This CL was very mixed bag, in my view. It was more costly to maintain, and less bullet-proof than other Honda/Acura products I have owned. The issues mentioned above obviously ranged from the annoying to the serious. Interestingly, this was the first Honda/Acura product I owned that was assembled in the US, although it is not possible for me to determine if the issues had anything to do with assembly, or were more related to design and component quality.
The overall performance was mixed as well. The V-6 VTEC engine was smooth and reasonably powerful, but Acura saw fit to limit top speed. The car would accelerate strongly to 100 MPH, but then the speed limiting logic would start to kick in, causing the car to act like it didn’t want to hear about 110 MPH or higher (even though the vehicle and driveline could easily have achieved 140 if not inhibited).
The car was a fantastic highway machine, with incredibly comfortable seats, a fuss-free climate control system that did a great job of temperature regulation, effective cruise control, a good stereo, and reasonable fuel mileage. It was notably quiet and relaxed, but with good power available whenever you needed it.
Off the highway, it was a different story. First off, the only transmission available for the V-6 was the automatic box, the control logic of which was garbage. The box could never be trusted to be sure of the correct gear unless it was cruising. For example, while slowly rolling in traffic, a moderate accelerator depression resulted in the car effectively saying “huh?” with an awkward pause that seemed to last for ages. This was especially bad in some situations, e.g. having a little forward motion while waiting for a gap in opposing traffic to make a cross-traffic turn. When your gap appeared, the tranny wanted to stay in 2nd gear (if you had any forward motion at all, even just a few MPH) rather than kick down to 1st to get you through without getting killed. Of course, you could mash the throttle to the floor, and it would at last kick-down; you would then scream across like you were insane! The box often was confused like that, and in stop-and go traffic, it was often best to try to manually shift between 1st and 2nd, although it wasn’t set-up very well for that. All told, I would have infinitely preferred the manual 5-speed, as offered in the 4 cylinder models.

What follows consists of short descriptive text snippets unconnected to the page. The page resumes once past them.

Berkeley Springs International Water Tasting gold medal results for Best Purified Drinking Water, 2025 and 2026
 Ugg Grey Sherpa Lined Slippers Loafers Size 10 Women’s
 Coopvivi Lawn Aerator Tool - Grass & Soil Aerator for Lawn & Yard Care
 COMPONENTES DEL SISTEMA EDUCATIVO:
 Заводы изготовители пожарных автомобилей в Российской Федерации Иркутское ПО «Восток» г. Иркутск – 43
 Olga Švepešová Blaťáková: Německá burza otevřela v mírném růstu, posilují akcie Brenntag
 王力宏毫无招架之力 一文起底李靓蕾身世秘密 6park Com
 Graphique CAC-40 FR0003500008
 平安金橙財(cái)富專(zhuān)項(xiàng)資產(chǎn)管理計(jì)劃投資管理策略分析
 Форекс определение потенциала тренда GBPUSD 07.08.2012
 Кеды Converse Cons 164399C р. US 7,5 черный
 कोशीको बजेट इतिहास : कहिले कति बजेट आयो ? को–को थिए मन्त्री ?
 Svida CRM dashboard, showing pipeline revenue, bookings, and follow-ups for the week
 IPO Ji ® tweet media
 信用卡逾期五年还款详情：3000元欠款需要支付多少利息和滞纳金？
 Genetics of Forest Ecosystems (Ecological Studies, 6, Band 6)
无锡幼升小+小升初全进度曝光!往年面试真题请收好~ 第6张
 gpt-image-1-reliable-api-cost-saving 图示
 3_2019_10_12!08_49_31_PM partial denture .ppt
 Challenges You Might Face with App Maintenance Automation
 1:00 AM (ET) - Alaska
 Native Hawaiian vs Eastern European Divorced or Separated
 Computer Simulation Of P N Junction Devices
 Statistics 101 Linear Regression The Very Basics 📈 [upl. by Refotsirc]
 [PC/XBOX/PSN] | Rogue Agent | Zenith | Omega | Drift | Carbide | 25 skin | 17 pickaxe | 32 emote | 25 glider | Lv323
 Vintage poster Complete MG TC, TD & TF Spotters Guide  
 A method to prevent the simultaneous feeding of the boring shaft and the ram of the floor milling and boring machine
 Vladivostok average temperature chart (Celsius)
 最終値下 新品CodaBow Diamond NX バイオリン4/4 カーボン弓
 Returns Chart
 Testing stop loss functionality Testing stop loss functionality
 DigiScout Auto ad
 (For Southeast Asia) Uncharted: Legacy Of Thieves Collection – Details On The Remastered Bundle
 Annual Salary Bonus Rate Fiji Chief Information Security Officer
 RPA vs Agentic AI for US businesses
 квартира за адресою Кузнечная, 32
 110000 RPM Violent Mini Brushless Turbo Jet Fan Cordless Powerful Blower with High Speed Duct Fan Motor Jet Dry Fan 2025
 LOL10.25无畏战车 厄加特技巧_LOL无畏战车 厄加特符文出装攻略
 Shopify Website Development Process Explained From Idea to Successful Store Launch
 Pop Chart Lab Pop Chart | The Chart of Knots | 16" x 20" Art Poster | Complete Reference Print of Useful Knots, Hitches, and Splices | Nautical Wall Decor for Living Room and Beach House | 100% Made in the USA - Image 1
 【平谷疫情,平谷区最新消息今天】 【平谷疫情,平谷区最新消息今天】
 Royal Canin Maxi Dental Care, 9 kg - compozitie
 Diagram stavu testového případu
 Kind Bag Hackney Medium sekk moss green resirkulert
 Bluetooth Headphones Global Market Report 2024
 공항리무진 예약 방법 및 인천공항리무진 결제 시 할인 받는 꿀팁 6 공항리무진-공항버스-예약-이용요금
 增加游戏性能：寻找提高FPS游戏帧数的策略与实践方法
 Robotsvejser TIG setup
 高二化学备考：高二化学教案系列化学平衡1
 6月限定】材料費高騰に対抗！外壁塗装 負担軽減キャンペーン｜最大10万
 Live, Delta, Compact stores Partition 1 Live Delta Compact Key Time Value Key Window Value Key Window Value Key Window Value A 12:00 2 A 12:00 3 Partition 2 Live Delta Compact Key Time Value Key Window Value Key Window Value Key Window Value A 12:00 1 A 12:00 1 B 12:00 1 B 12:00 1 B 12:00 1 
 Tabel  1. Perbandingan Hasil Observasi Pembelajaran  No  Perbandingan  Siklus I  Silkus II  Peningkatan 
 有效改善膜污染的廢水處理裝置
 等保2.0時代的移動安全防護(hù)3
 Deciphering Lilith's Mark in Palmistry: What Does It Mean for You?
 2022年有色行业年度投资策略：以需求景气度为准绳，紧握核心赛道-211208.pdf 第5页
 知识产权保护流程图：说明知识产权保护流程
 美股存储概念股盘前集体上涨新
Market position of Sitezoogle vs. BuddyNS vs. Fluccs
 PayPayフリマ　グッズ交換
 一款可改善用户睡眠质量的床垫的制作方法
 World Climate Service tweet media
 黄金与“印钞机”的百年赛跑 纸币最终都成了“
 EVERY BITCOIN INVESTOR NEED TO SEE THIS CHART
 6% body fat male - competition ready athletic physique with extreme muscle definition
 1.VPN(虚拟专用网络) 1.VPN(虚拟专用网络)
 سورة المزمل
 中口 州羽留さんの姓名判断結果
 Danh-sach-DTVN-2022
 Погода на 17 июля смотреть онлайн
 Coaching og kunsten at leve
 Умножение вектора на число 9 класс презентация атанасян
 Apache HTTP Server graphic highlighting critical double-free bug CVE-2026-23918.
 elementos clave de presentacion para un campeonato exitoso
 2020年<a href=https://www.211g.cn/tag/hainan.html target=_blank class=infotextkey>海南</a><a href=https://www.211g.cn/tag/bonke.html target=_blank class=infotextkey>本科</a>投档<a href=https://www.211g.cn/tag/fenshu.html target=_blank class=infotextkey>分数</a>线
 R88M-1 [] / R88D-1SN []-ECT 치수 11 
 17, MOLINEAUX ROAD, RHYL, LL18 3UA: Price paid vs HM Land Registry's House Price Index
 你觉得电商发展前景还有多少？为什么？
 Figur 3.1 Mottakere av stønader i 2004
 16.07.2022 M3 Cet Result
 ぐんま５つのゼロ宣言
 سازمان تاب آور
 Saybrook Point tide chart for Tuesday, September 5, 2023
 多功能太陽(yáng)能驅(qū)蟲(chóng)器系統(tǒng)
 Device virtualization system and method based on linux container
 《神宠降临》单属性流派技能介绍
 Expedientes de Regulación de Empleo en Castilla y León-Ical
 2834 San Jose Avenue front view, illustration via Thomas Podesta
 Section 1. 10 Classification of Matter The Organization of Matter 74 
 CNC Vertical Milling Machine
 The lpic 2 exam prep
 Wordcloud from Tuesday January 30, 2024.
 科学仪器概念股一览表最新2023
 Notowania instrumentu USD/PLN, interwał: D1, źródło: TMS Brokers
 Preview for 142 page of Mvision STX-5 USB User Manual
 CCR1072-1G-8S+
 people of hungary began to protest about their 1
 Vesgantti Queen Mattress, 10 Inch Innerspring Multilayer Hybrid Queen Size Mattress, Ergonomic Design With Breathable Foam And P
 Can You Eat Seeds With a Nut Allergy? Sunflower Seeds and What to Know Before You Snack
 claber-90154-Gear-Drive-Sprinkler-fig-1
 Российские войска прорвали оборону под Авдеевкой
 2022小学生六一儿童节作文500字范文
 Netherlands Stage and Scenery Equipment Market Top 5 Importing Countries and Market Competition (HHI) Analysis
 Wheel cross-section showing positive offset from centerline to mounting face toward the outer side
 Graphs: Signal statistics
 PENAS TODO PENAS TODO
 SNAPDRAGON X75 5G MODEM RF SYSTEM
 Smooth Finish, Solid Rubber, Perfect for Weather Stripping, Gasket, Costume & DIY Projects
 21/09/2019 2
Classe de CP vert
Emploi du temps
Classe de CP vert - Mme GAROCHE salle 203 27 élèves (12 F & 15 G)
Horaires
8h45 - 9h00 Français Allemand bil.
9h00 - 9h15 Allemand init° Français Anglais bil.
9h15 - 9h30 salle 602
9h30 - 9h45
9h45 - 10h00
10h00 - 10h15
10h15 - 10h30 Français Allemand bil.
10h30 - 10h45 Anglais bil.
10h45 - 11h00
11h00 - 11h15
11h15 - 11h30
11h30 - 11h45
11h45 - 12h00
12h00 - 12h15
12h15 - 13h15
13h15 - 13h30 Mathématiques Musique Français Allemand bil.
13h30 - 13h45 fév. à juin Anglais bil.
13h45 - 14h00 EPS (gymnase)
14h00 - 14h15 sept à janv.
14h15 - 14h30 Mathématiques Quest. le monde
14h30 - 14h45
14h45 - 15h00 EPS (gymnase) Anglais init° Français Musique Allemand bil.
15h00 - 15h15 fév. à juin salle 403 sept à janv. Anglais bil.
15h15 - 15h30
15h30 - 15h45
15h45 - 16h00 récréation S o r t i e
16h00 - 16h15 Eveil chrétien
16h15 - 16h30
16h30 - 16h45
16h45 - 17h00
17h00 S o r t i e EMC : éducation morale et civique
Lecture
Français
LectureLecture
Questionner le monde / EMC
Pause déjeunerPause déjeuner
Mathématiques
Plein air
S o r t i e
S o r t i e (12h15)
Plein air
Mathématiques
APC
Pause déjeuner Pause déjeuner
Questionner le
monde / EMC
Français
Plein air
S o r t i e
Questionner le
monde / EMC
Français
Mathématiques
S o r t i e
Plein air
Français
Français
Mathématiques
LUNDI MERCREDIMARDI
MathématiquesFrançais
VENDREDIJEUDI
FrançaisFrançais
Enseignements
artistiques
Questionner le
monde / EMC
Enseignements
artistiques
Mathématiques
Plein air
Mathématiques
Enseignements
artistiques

Fortunately, I turned in the car at the end of the lease before I encountered what became well-known failures of these automatics that plagued Honda products for several years. So although it functioned poorly in many ways, it never failed for me.
The steering of this year CL, while having reasonably good feel and being well-weighted, was far too slow & low-geared for a coupe with some sporting pretensions. The turning circle was poor also. I understand these issues may have been addressed in later years.
I never felt the CL handled noticeably better than any Accord, on which the car was based. The suspension was fairly soft, and thus offered a good ride, and while not seeming to impart too much body roll, still didn’t support especially sporting handling. Normal FWD understeer was more pronounced by the weight of the V-6, and not helped by the slow steering. I thought it was a mediocre handler for a car that was marketed as a sport coupe.
So overall, the package was a bit of a paper tiger, trying to look like a luxo-sport coupe but being little more that an upscale V-6 Accord 2-door in terms of real performance.
What Honda/Acura did do very well with this car is offer a nice, clean, and handsome exterior styling exercise, with a very comfortable and nicely appointed interior. The driving position was excellent, visibility was superior, controls were effective and well-placed, and the quality of materials was very good, especially for the moderate price of the car.
This year and my example may have had some early production issues which were ironed out later, except for the auto transmission. Anyone picking up a used example of this first series CL may be well-advised to get a later year, and if it’s fitted with the automatic, find out if it has been replaced (yet) under warranty. It is my understanding that Honda replaced a large number of these for Accords, CLs and TLs in the late ‘90’s and early 00’s, generally granting an extended warranty for the box. It’s probably best to get an example that has had the tranny replaced.
If you don’t expect it to be a tossable sports machine, and you can live with its limitations, it was a very nice package. But I wouldn’t want mine back.